The Advocate General (“AG“) of the Court of Justice of the European Union (“ECJ“) has recommended that the Standard Contractual Clauses (“SCCs“) should remain a valid mechanism to legitimise the transfer of personal data to third countries. However:
- the AG notes that both companies and regulators need to ensure that there are “sufficiently sound mechanisms” to suspend or prohibit transfers to third countries where there is a conflict between the SCCs and the laws of that third country;
- Whilst businesses can breathe a sigh of release in the short term, there is no guarantee that the ECJ will follow the AG’s recommendation;
- Even if the ECJ does agree with the AG recommendations, those suggest that exporting controllers may be expected to undertake a level of due diligence before exporting personal data.
As set out in our previous post on the Schrems II hearing, (https://hsfnotes.com/data/2019/07/10/schrems-ii-heard-in-europe-potential-huge-impact-on-global-data-transfers/) the ECJ in November this year, heard oral submissions from a number of parties relating to the validity of the Standard Contractual Clauses and the EU-US Privacy Shield as a result of a referral from the Irish High Court containing a series of questions arising from a complaint made by Max Schrems regarding the protection of his personal data by Facebook when transferring personal data from Ireland to the US.
The AG’s Conclusion
Overall, the AG has recommended that the SCCs should remain a valid mechanism to legitimise the transfer of personal data to third countries.
Whilst this opinion is a welcome Christmas gift to the many businesses who transfer personal data on the basis of the SCCs, there are nonetheless elements of the opinion which suggest that the Commission may yet still review the SCCs and Privacy Shield. The opinion is non-binding, meaning that the ECJ could still reach a different conclusion. However, it is worth noting that, in the majority of cases, the ECJ follows the advice of the AG.
The AG’s Analysis
Although, the AG notes that the SCCs provide a “general mechanism applicable to transfers irrespective of the third country of destination and the level of protection guaranteed there“, he further considers that there should be an obligation on controllers and supervisory authorities to suspend or prohibit an international transfer where there is a conflict between the obligations of the SCCs and the obligations of the law of the third country.
This seems to suggest that there is some level of due diligence expected of controllers who are transferring personal data on the basis of the SCCs. For example, it suggests a conclusions whereby a controller may decide that a transfer to one particular third country is legitimised by the SCCs but a transfer to another third country would not be legitimised by the same mechanism.

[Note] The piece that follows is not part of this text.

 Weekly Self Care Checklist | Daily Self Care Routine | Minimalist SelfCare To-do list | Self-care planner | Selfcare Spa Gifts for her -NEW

It will be interesting to see how the ECJ responds to this point, and whether they give further clarity with regards to the level of knowledge about applicable data protection laws of the third country controllers and supervisory authorities are expected to have. If the relevant controller or supervisory authority considers that there is a conflict, they are expected to cease transferring personal data on the basis of Article 4 of the SCCs.

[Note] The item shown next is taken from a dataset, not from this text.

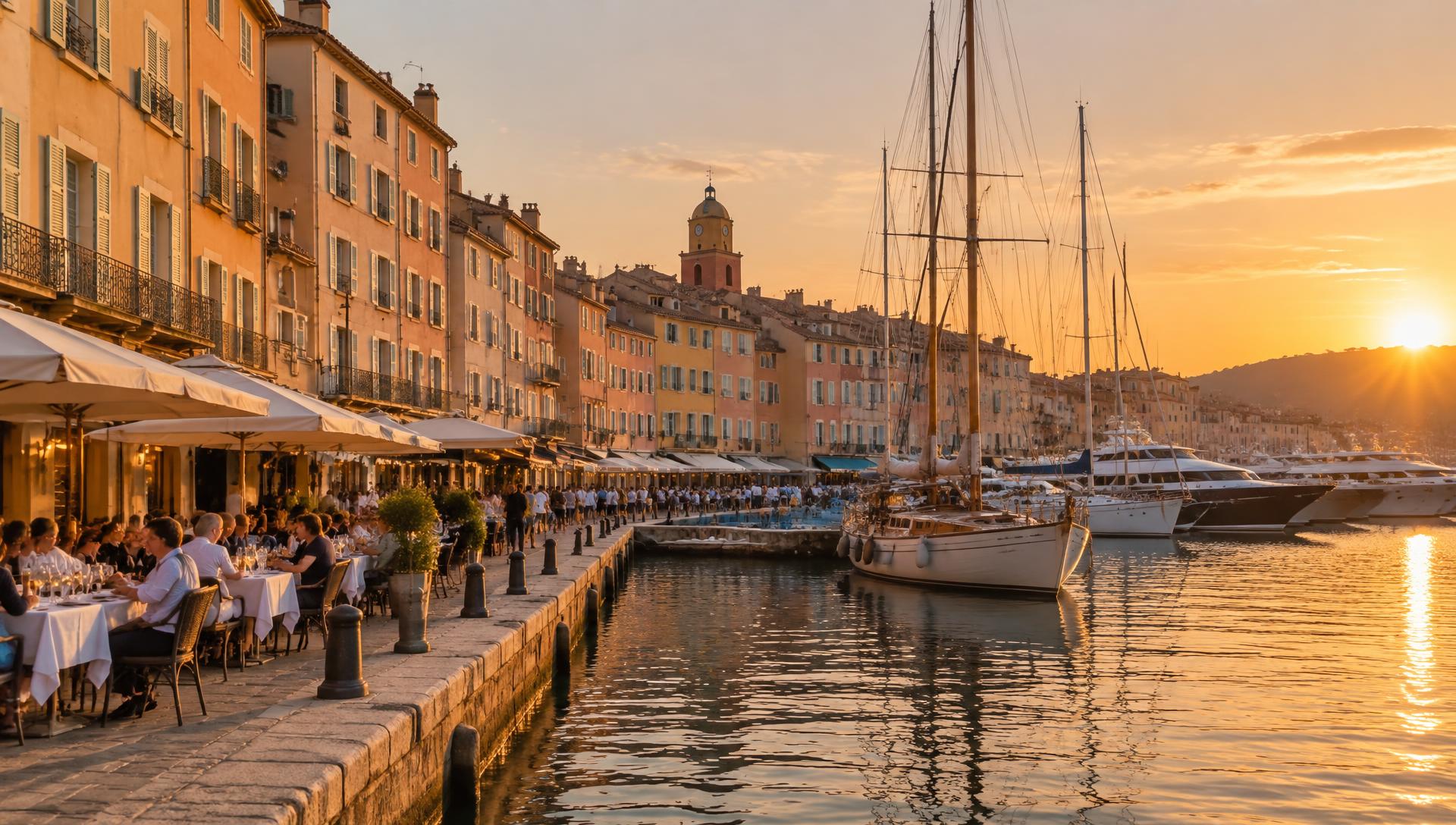 The old port of Saint-Tropez at golden hour with quayside terraces and yacht masts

In relation to Privacy Shield, whilst the AG noted that the validity of Privacy Shield was not directly in scope of the questions referred from the Irish High Court, he has nevertheless commented. The AG considers that Privacy Shield may not provide equivalent protection to the GDPR as data subjects may not have the right to an effective remedy under the ombudsman relief mechanism. In addition, the AG considers that Privacy Shield and more broadly, US law, does not provide an equivalent right to respect for private life and the protection of personal data.